Doch auch was die inneren Werte betrifft, sind Superlative am Platz. So verfügt das Auto in der getesteten Topversion namens 147 2.0 TS Selespeed über einen prachtvollen Zweilitermotor: ein Vierventiler mit Doppelzündung, zwei schwingungsmindernden Ausgleichswellen und 150 PS.
Dazu gibt es ein automatisiertes Fünfganggetriebe, das entweder ganz von allein schaltet (im City-Modus) oder über Tasten hinter den Lenkradspeichen betätigt werden kann – Schumimäßig wie bei Ferrari . Damit nicht genug, verfeinert Alfa das vom 156 abgeleitete Fahrwerk serienmäßig mit einem elektronischen Stabilitätsprogramm (VDC), dessen Antriebsschlupffunktion sich per Knopfdruck unterbinden lässt.
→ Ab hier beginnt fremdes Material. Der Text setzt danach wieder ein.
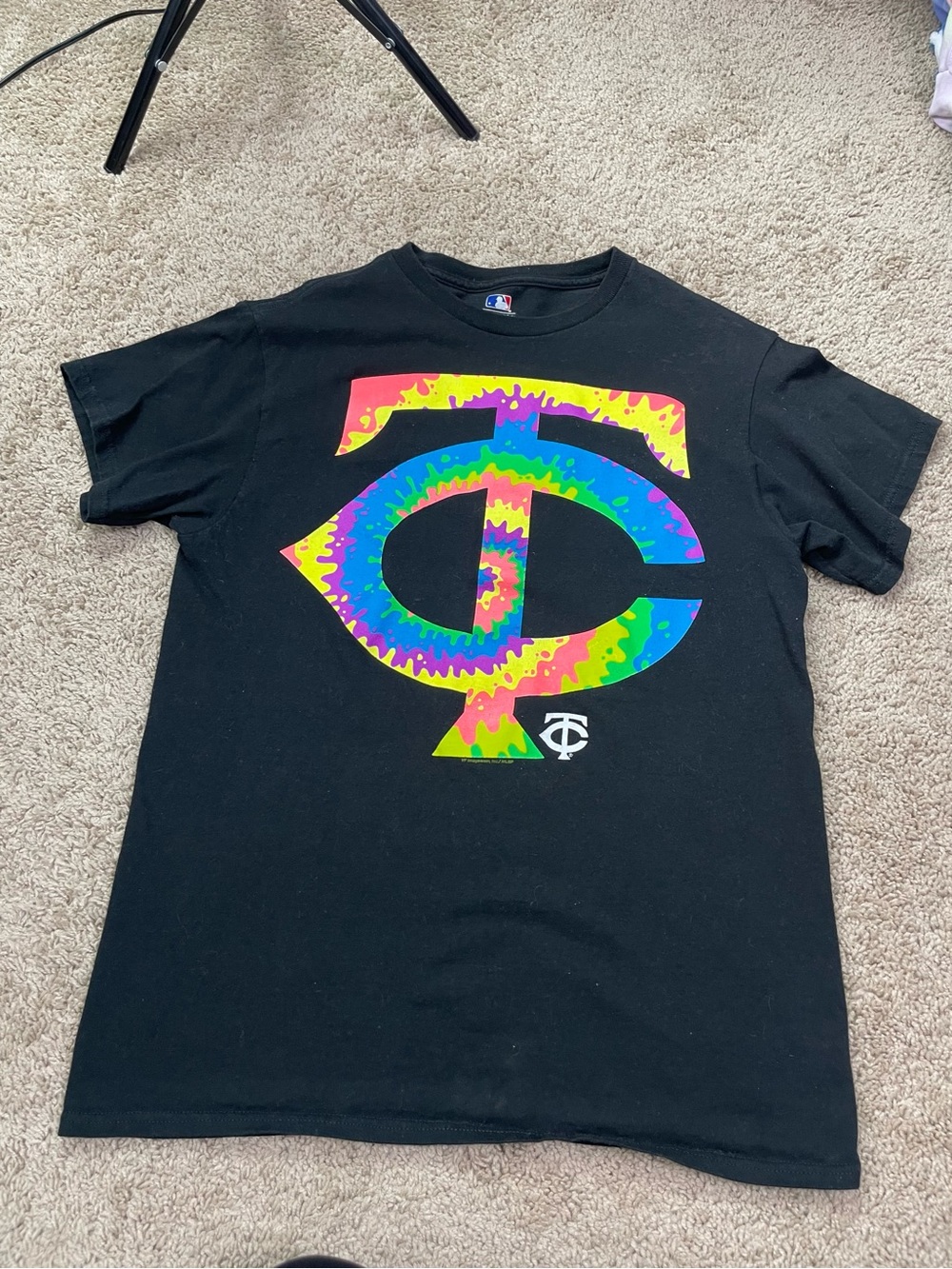 Black Unisex Tee with Neon Rainbow Tie-Dye Minnesota Twins Logoโ Baseball Team
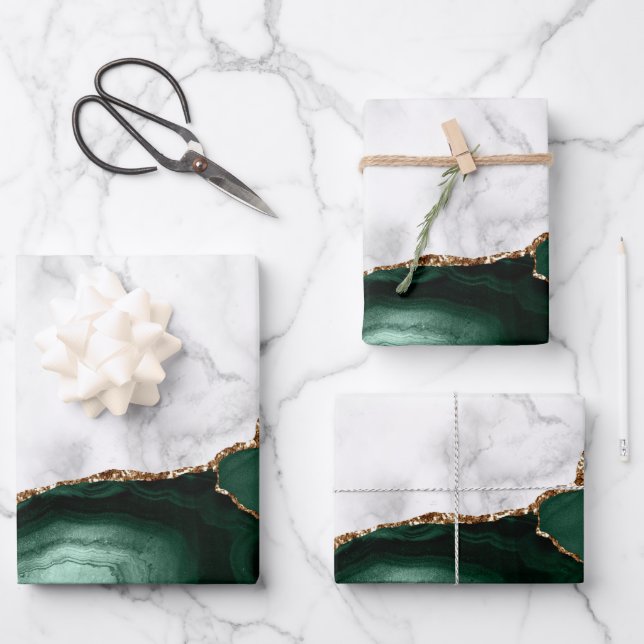 Feuille De Papier Cadeau Marbre Blanc Doré Agate Vert Emeraude (Recto)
Es fehlt an nichts: Klimaautomatik, für rechts und links getrennt regelbar, 200-WattCD-Radio mit Soundsystem von Bose und Bedienung am Lenkrad, Tempomat, Seitenairbags vorn plus Windowbags und 16-Zoll-Leichtmetallräder.
Der Clou: Das Auto kostet 22.600 Euro. Wer Vergleichbares bei VW (Golf GTI) oder Audi (A3 1.8 T) einkauft, bezahlt mindestens 26.000 Euro und 28.000 Euro.
Auch der Blick in den Innenraum enttäuscht nicht. Alles wirkt aus einem Guss. Die Instrumente sind hübsch gruppiert, die Bedienung gibt wenig Rätsel auf, die Verarbeitung hinterlässt einen ordentlichen Eindruck. Geschmacksache dagegen: die stark genarbte Oberfläche des Armaturenbretts.
Beim Einsteigen wird sodann deutlich, dass sich die Insassen des 147 auf kleinem Raum versammeln müssen. Ungeachtet stattlicher Außenabmessungen (Länge 4,17 Meter) geht es im Fond fast coupéhaft eng zu. Erwachsenen möchte man den Aufenthalt auf diesen Plätzen höchstens kurzzeitig zumuten, zumal sich der Zugang trotz der beim Umklappen nach vorn gleitenden Vordersitze beschwerlich gestaltet. Eine viertürige Variante soll im Mai des nächsten Jahres folgen.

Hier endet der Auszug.